* [ACTIVITY]: Begin at the line that holds "this 626×417 image." and copy each line exactly until the data below ends, including that last line but no pictures.

Phrase grounding data:
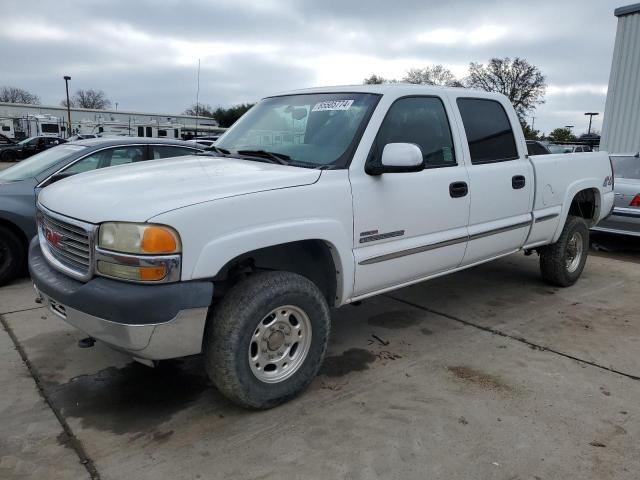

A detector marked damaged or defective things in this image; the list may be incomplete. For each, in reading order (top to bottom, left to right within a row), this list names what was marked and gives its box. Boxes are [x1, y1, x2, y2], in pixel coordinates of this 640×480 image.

pavement crack [0, 314, 100, 478]
pavement crack [384, 294, 640, 380]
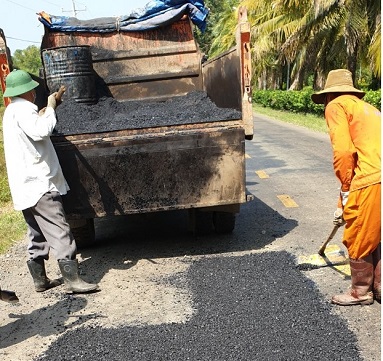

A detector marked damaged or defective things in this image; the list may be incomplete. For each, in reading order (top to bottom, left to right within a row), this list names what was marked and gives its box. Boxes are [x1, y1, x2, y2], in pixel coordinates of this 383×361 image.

rusted metal panel [55, 125, 248, 218]
fresh asphalt patch [34, 250, 362, 360]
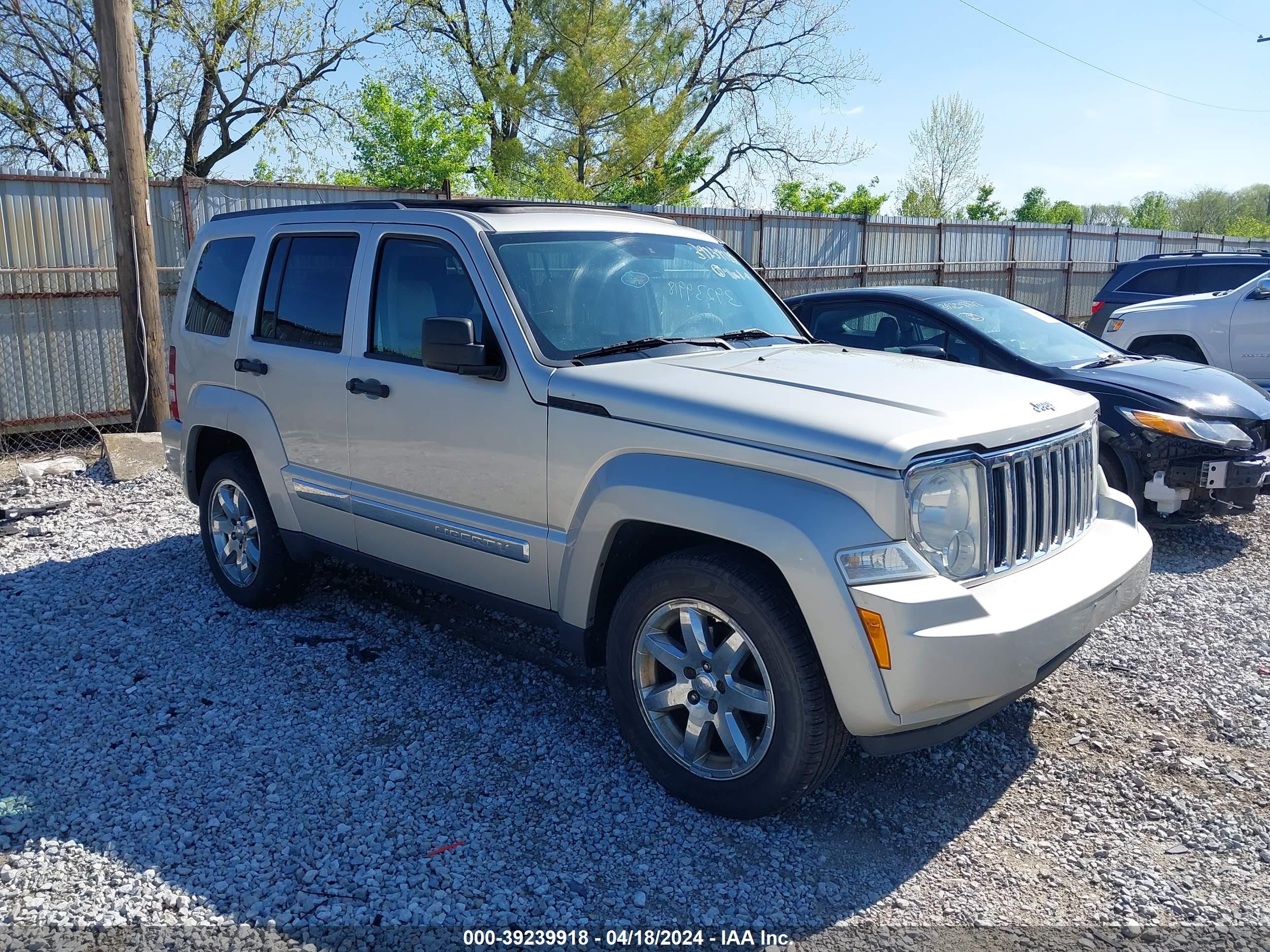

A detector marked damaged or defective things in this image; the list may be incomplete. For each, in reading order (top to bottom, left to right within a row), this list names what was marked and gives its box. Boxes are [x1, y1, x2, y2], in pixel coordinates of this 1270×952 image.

damaged vehicle [785, 288, 1270, 516]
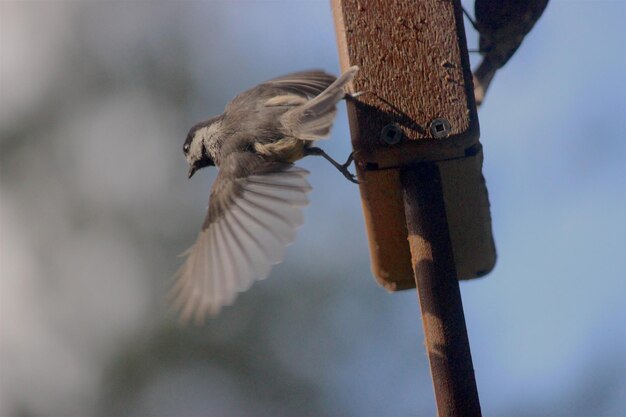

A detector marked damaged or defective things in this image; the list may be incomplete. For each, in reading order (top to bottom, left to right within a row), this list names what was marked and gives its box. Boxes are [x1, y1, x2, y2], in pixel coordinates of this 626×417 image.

rusty metal pole [400, 164, 482, 414]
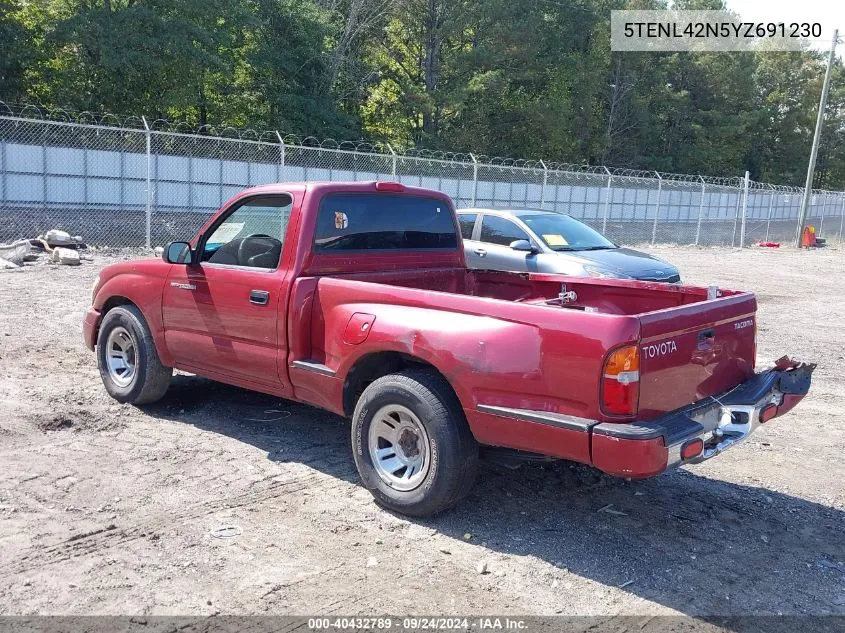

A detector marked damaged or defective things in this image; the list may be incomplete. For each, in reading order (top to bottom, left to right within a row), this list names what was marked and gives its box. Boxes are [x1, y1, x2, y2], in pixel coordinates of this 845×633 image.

damaged rear bumper [592, 358, 816, 476]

* [ANSWER SPACE]:
A detector marked damaged or defective things in this image; the list may be incomplete. For each, in reading order (top to bottom, left to right within a row), this list names what was marked and gives its box. Boxes are [x1, y1, x2, y2], in pixel coordinates of this 626×417 image.

rusty metal pole [400, 164, 482, 414]

A detector marked damaged or defective things in this image; the list may be incomplete. For each, in reading order (top to bottom, left to right within a row), this list names what was marked and gives its box. Boxes are [x1, y1, x2, y2], in pixel coordinates of this 845×633 image.

damaged rear bumper [592, 358, 816, 476]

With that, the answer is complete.